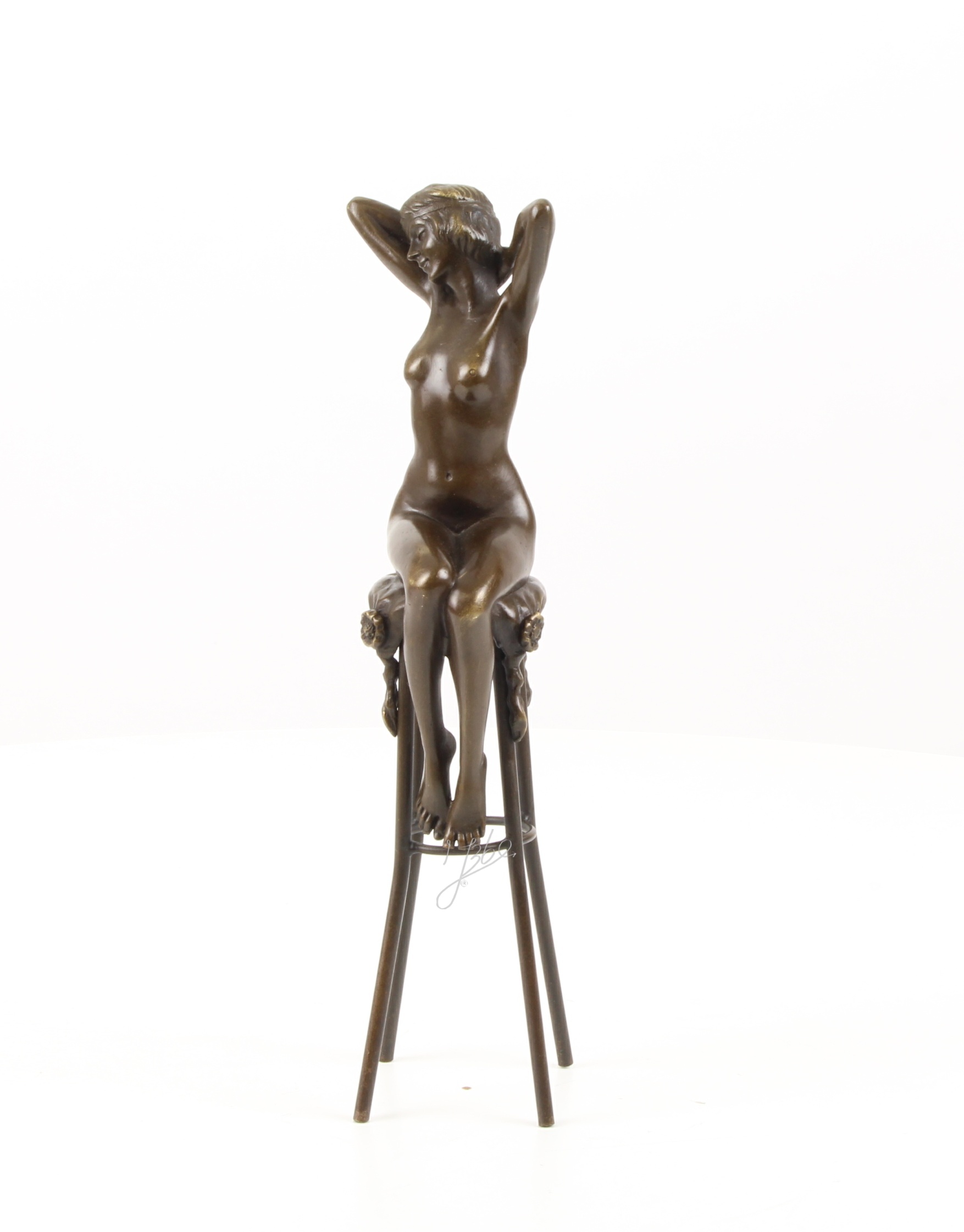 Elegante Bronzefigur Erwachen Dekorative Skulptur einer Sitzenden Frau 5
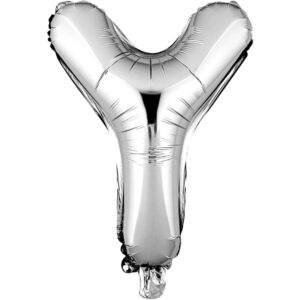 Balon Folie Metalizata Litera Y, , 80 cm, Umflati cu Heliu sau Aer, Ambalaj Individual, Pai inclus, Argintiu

****************************************

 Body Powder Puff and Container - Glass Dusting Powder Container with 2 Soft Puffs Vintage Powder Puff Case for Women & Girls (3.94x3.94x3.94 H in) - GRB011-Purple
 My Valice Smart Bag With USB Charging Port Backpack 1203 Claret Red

****************************************

What the exercise asks >> Please output, exactly as written, the lines above from the one holding "Elegante Bronzefigur Erwachen" through the one holding "Balon Folie Metalizata", both included, with the pictures omitted.

Answer to this task >>
 Elegante Bronzefigur Erwachen Dekorative Skulptur einer Sitzenden Frau 5
 Balon Folie Metalizata Litera Y, , 80 cm, Umflati cu Heliu sau Aer, Ambalaj Individual, Pai inclus, Argintiu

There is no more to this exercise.